US carrier Sprint is currently undergoing a transformative shift in its bid to make more headway and there are now indications that the current strategy is beginning to be more successful. However although losses are now reported as less than expected for Q1, it continues to be the case that customers are leaving the carrier for pastures new.
Sprint is the third-largest carrier stateside and we recently discussed how the company is still vying to purchase the remaining 50% of Clearwire although Verizon is now also showing interest. Meanwhile Dish is in a bid to acquire Sprint so there’s a lot going on right now. While Sprint stock has recently seen rises with more than tripled share values over the last year there’s still a way to go.

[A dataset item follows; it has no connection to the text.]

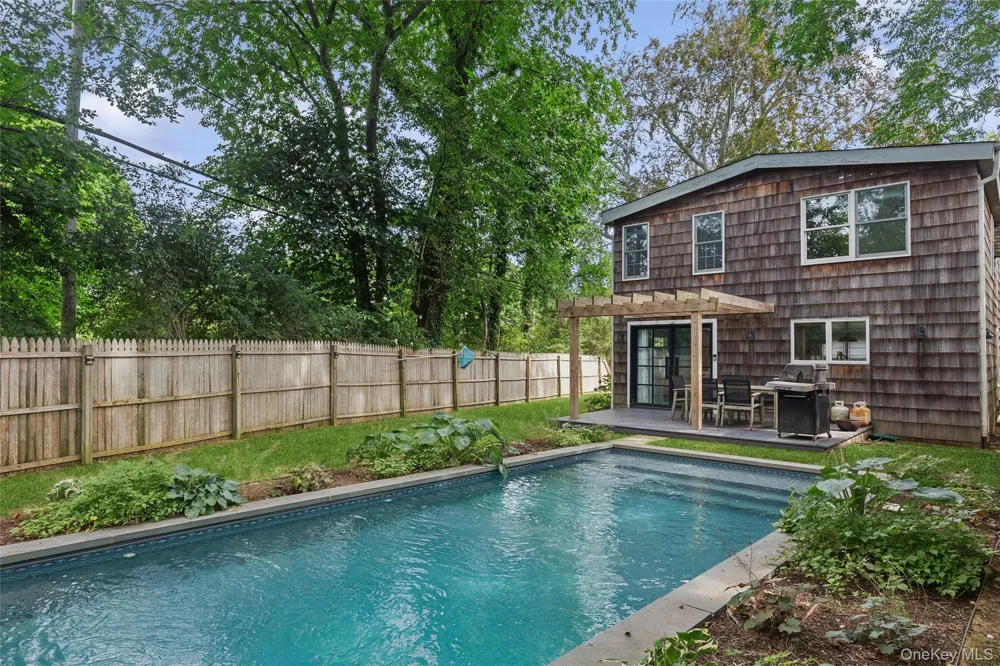 212 LUMBER LN Bridgehampton, NY 11932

However, CEO Dan Hesse may be heartened by the figures for the first quarter of 2013 which showed a loss of 21 cents per share, down from analysts estimates of 34 cents a share. While sales rose to $8.79 billion, overall net loss was $643 million, that’s less than the $863 million first quarter Sprint losses of 2012.
Sprint also sold 1.5 million iPhones while 86% of its phones sales were from smartphones. Despite less than anticipated losses though, Sprint customers fell by 560,000 in one trimester and it remains to be seen how the carrier will reverse that trend.
Why do you think customers are continuing to jump ship from Sprint even though there has been an upturn in the company’s recent fortunes?